=== PROMPT ===
As an exercise, transcribe the data below in full and exactly, omitting pictures.

=== GIVEN INFORMATION ===
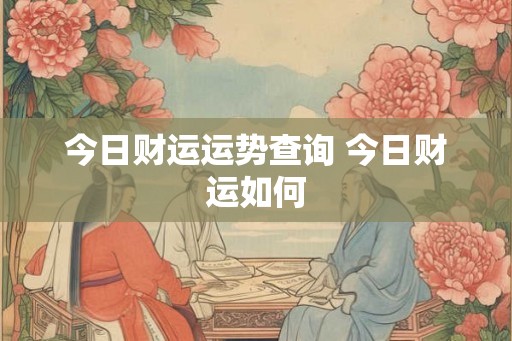 今日财运运势查询 今日财运如何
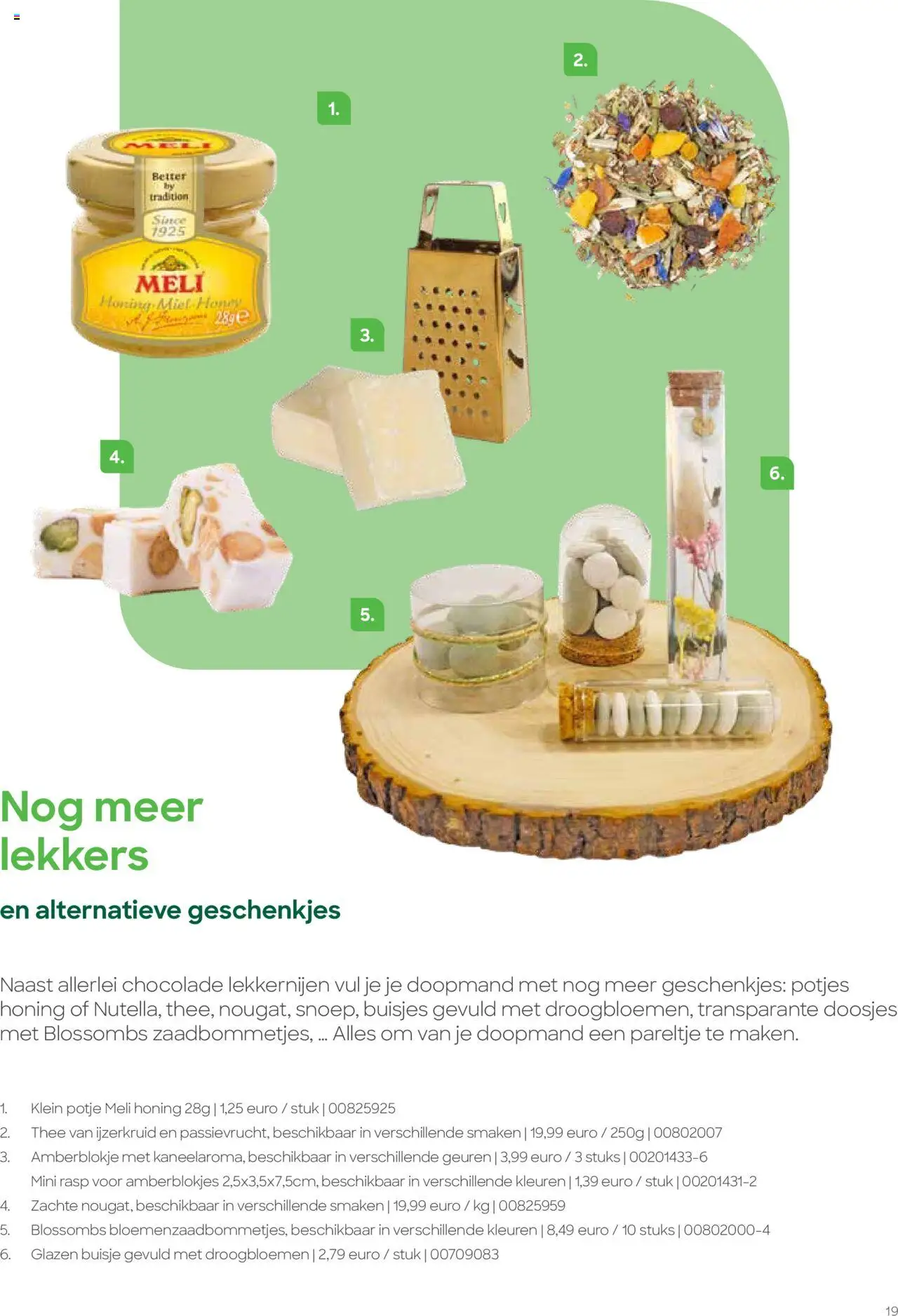  | Pagina: 19 | Producten: Geuren, Thee, Chocolade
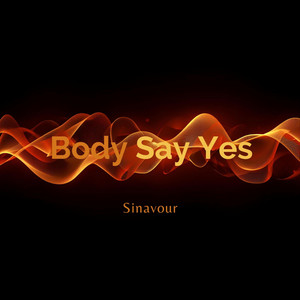 Body say Yes by Sinavour
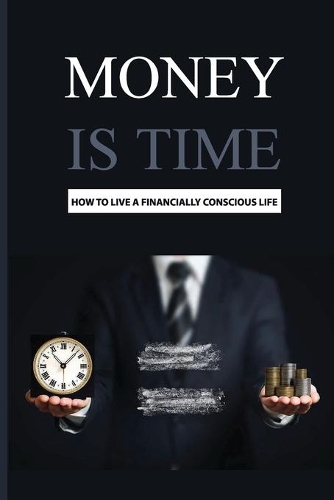 Money Is Time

=== WRITTEN REPLY ===
 今日财运运势查询 今日财运如何
  | Pagina: 19 | Producten: Geuren, Thee, Chocolade
 Body say Yes by Sinavour
 Money Is Time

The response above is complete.